El resultado, visible en todas las democracias occidentales, es un movimiento de autonomización cultural de las clases populares que es consecuencia directa de la separación de las élites iniciada a finales de los años ochenta. Es decir, la separación de las clases superiores hacia el final del siglo XX ha derivado en la autonomización de las clases inferiores a principios del XXI. Este doble proceso es el que explica la transformación de las protestas, que han dejado de ser exclusivamente “sociales” para ser también “existenciales”. Las consecuencias son terribles para la sociedad, pero también para la democracia. La palabra política, mediática y sindical ha perdido legitimidad y el debate de ideas ha dejado paso a un clima de imposibilidad de comunicarse, de caricatura y desprecio. El espectáculo del éxito de los ganadores y la insolencia de los prescriptores de opinión, que no dejan de estigmatizar a los más modestos —rebajados a la categoría de espectadores ignorantes—, refuerzan una “epidemia de desconfianza” a la que no responde nadie.

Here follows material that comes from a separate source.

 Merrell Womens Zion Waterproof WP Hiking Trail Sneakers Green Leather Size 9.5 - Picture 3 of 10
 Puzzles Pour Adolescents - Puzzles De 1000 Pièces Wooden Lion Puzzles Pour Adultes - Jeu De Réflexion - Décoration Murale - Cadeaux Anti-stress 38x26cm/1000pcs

Esa negativa a tener en cuenta las demandas de la mayoría explica el aumento de la intención de voto en favor de las marionetas populistas, pero da la sensación de que ninguna figura política, ningún partido tiene la capacidad de representar a este bloque popular y mayoritario en su conjunto.

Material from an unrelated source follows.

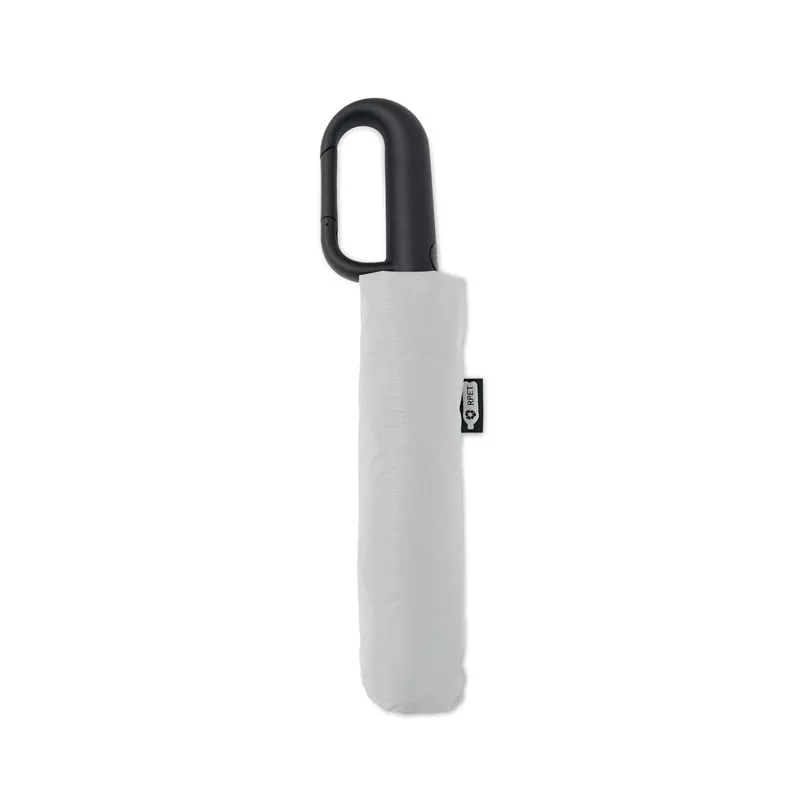 Parasol składany wiatroodporny 21" z RPET UMKRAB - Bialy (MO2692-06)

Este mundo sin perspectivas, este ámbito de la comunicación sin contenido, es en el que Emmanuel Macron afila su estrategia electoral, cuyo objetivo no es agrupar sino dividir. Se niega a asumir ninguna culpa por su gestión y no busca el consenso, sino que impone una postura autoritaria. En un contexto de abstención masiva y falta de oferta política, el futuro candidato a la reelección no fomenta la tranquilidad sino la tensión y quiere enardecer a su base electoral, compuesta por las burguesías de derecha e izquierda y por los mayores de 60 años. Esta estrategia de la tensión recuerda extrañamente a la de un tal Donald Trump, que no dejó de exaltar y radicalizar a sus votantes para ser protagonista en cada elección. En 2017, los franceses creyeron haber elegido a un socialdemócrata europeo; en 2021 han descubierto que quien ejerce el poder en el Elíseo es un Trump progresista.

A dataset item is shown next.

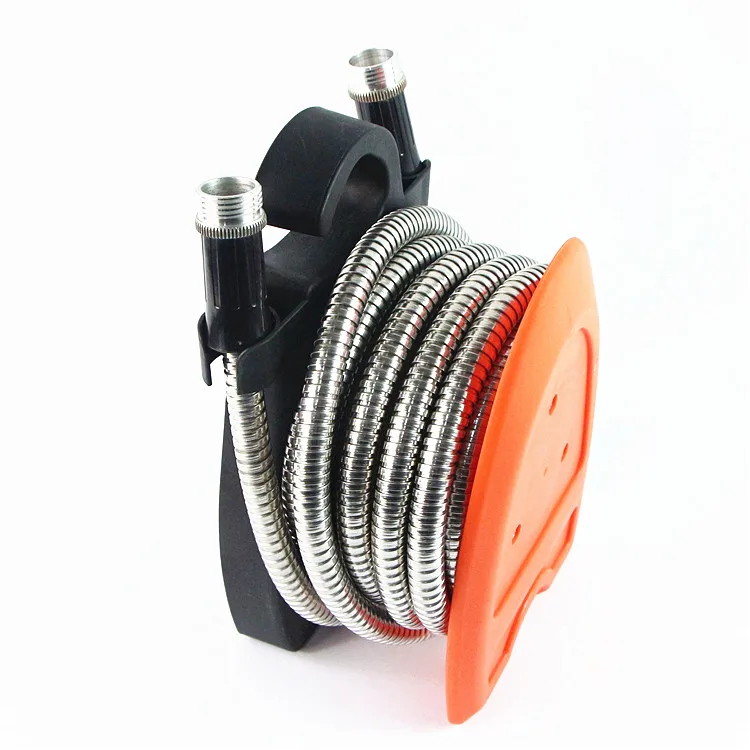 Metallic hose flexible water shower hose stainless steel metal garden hose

Al hablar para un electorado envejecido y burgués, anestesiado por el miedo, y sobreactuar desde su posición elitista y despreciativa, el futuro presidente-candidato está tratando de eliminar a los candidatos de izquierdas y de derechas y garantizarse así la victoria. Las fuerzas políticas tradicionales, relegadas, dejarán su sitio a un duelo que ya hemos visto, en el que la primera opción vence inevitablemente a la segunda: la pugna entre Emmanuel Macron y Marine Le Pen o Eric Zemmour. El segundo mandato de Emmanuel Macron corre peligro de comenzar sobre ese paisaje en ruinas, ese desastre democrático e intelectual. Ahora bien, al día siguiente de su reelección, el nuevo presidente tendrá que volver a hacer frente a un bloque popular que no tiene ninguna intención de morir.